The important characteristics that have been considered are mostly flexibility, scalability, and adaptability. The remapping policies adopted show that it is possible to have a very flexible, scalable, and self-adaptable MPSoC by using monitoring systems not complex which does not affect the overhead of the system.

The proposed architecture relies on the following design decisions.

(i)Decentralized control. (ii)Homogeneous array of processing elements. (iii)Distributed memory. (iv)Scalable NoC-style communication network.

Although such principles have so far demonstrated the interest in the sole context of performance, it suggests that other benefits could be achieved such as power management where highly communicating task could be mapped to neighbor processors whereas this constraint is relaxed for others. Future work aims at exploring these functionalities in connection with voltage and frequency scaling techniques since these approaches combined could reveal useful for better balancing performance and power consumption.

Another promising perspective of this work relies on task replication which helps further taking advantage of processing resources whenever needed. Although this is applicable for certain applications only, our first experiment on the MJPEG application shows that only critical task gets replicated with similar mapping/replication policies as the one presented in this paper. This should prove particularly useful for tasks which data dependant processing load such as the IVLC in our case.

Although this has not yet been demonstrated, the structure also intrinsically supports fault tolerance to a certain degree since each processor is aware of all others in the system. A faulty processor identified as such using mutual testing techniques could be discarded from the list of functional units, and further mapping decisions would therefore target the remaining processors only. Extending the control to some different system parameters such as processing elements frequency and supply voltage would certainly help further improving observed performance. Among the considered possible strategies, task replication is certainly of significant interest as it would help better matching the number of processing resources to the performance demand. This technique would prove applicable in some restricted domains (mostly for dataflow applications) but could probably be extended.

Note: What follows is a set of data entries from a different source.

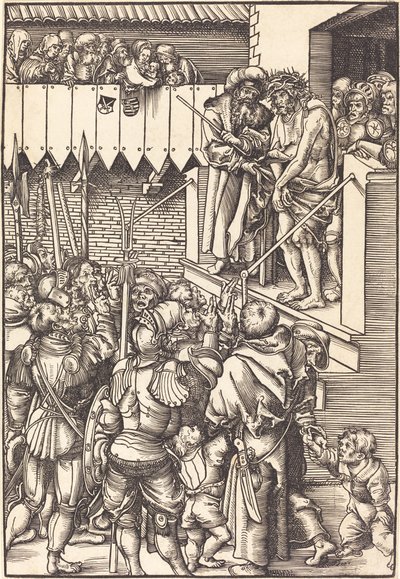 adama bak by Lucas Cranach the Elder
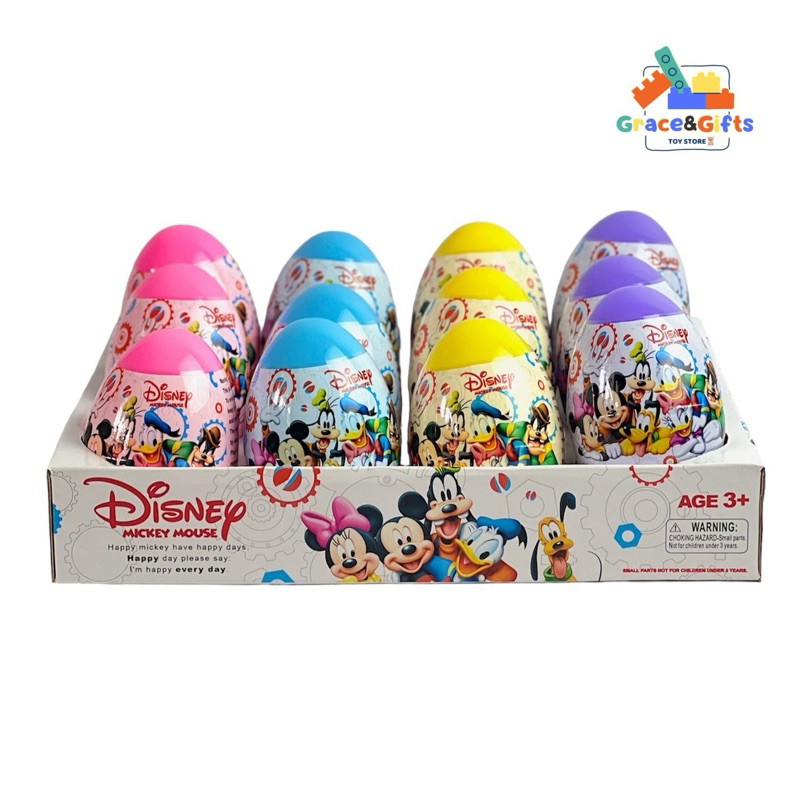 ไข่ Mickey Mouse Egg Surprise ไข่เซอร์ไพรส์ ไข่สุ่มของเล่น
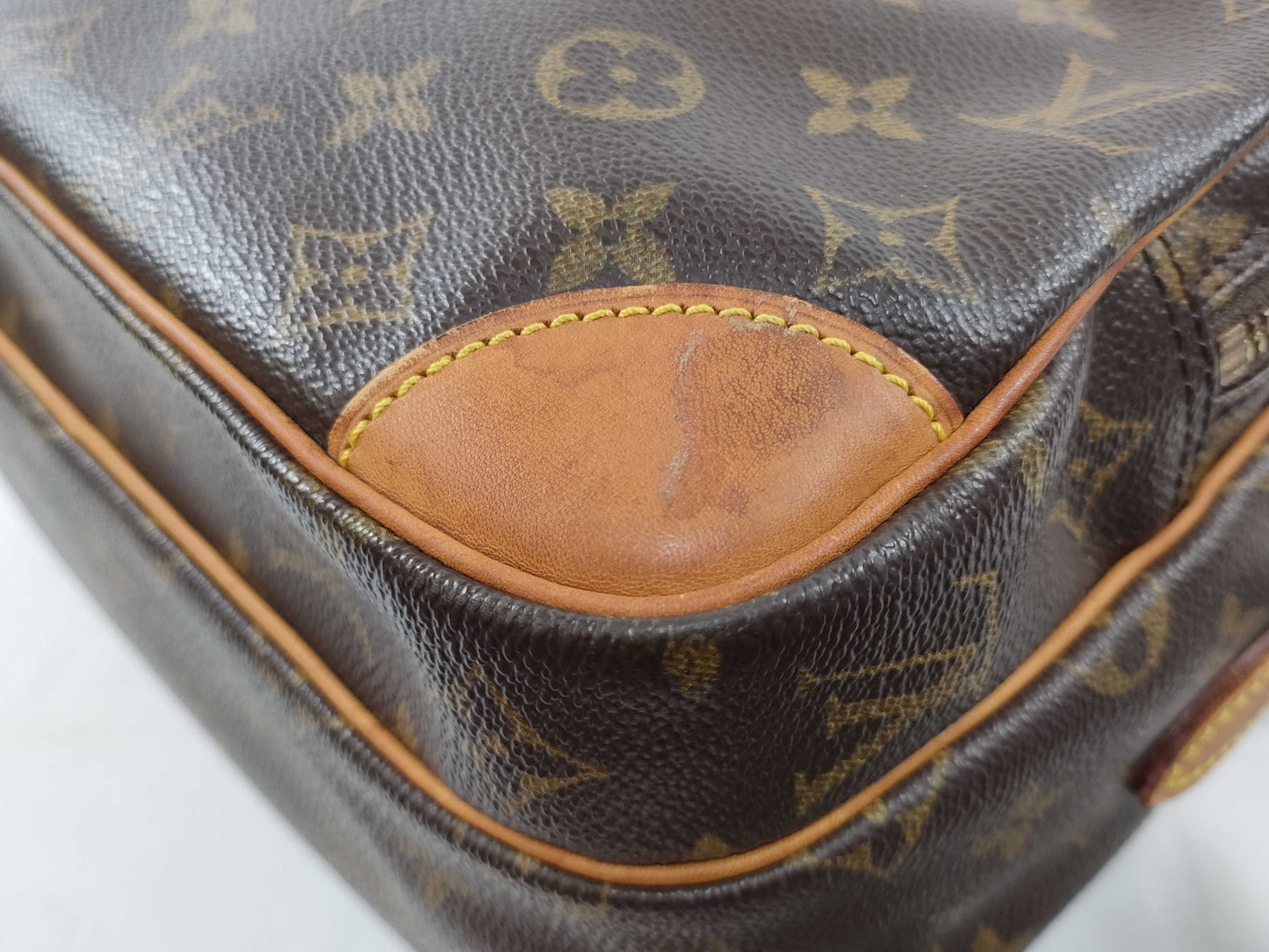 LOUIS VUITTON AR 0072 RFID Unverified Monogram LOUIS VUITTON Nile M45244 Shoulder Bag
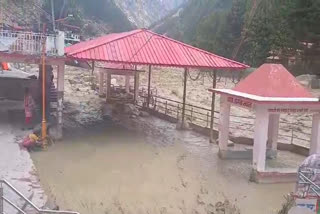 Bhagirathi River Water Level Increased in Gangotri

Similarly, for the growing concern of fault tolerance the developed techniques could here constitute a viable solution; since the system is entirely distributed, faulty units could be identified by others and therefore functionality would rely on the remaining processing units.

Finally, we think that adaptability is an approach that will in the near future be widely adopted in the area of MPSoC. Not only because of the here mentioned limitations such as technology shrinking, power consumption, and reliability but also because computing undoubtedly goes pervasive. Pervasive or ambient computing is a research area on its own and in essence implies using architectures that are capable of self-adapting to many time-changing execution scenarios. Examples of such applications range from ad-hoc networks of mobile terminals such as mobile phones to sensor networks systems aimed at monitoring geographical or seismic activity. In such application fields, power efficiency, interoperability, communication and scalability are primary concerns such systems have to cope with many limitations such as limited power budget, interoperability, communication issues, and finally, scalability.